In this project we aim to try and implement a generative recurrent model with the goal of generating a genre appropriate and fitting melody for a given song lyrics. We choose this subject due to our interests in music and because we believe that solving a sophisticated task in one domain could lead to discovery of solution and better understanding of tasks in other domain.
Over the last couple of years there has been a considerable amount of work in the field of music generation, from the MusicVAE [RER+18] network that is based on an hierarchial recurrent variational autoencoder architecture that is able to generate completely new musical scores by utilizing its highly robust latent space. Another interesting paper in the field is JukeBox [DJP+20] that uses sparse transformers that were trained on compressed musical scores to generate new music given an artist, genre and lyrics. But neither of these papers or others in the field focus extensively on melody generation for a specific lyrics using a natural language processing approach.
Our general approach to the lyrics to note problem involves the solving of the following sub-problems:
- Being able to map the various different musical notes to a meaningful semantic latent space.
- Map the various single letter characters to a meaningful latent space.
- Using our mappings to map a single character to a note (a classification problem).
In order to solve these sub-problems we intend to take the following steps:
- To this end we wish to propose an encoder-decoder sequence to sequence architecture that will map a given sequence of characters to their corresponding notes in order to create a melody.

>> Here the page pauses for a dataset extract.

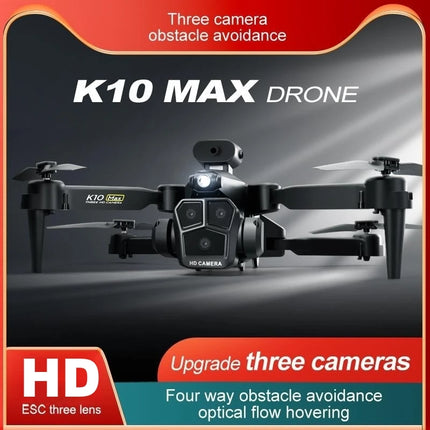 New K10 Max RC Drone HD Triple Camera Optical Flow Positioning Obstacle Avoidance Gesture Photography Foldable Quadcopter Toys HEBDO STORE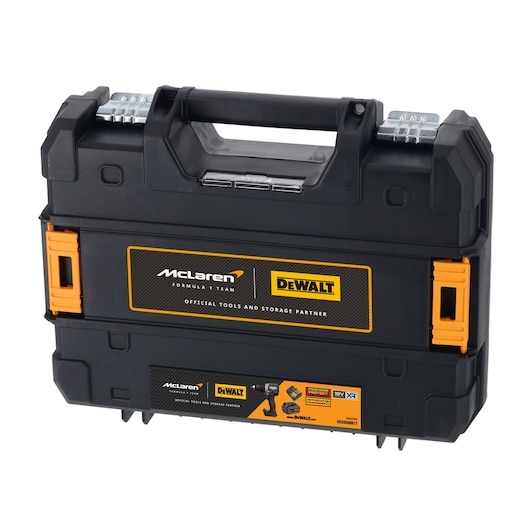 A black and orange DEWALT tool case with the McLaren Formula 1 Team branding. The case has a sturdy handle and metal latches, featuring labels indicating it is the official tools and storage partner.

- During training we intend to use teacher forcing in order to avoid error accumulation in the decoder.
2.2.1 The Dataset
In our project we use the DALI [MBCHP18] dataset, this dataset contains hierarchial and vertical information about each sub component of the song lyrics and melody (notes).

Figure 1: Each paragraph is divided to lines and each lines to words and each line to notes

Figure 2: At each point we know to which component in the hierarchy each sub component belongs to
From this dataset we are able to extract for each character in the lyrics its associated note and the word that it is part of. We also added additional vocabulary wise markers for spaces and starting notes (i.e for a start of A4 a tag of A4S was created) for the semantic information. In addition to this in order to avoid the problem of large buffers of EOS we took only the sentences that had a length around the median.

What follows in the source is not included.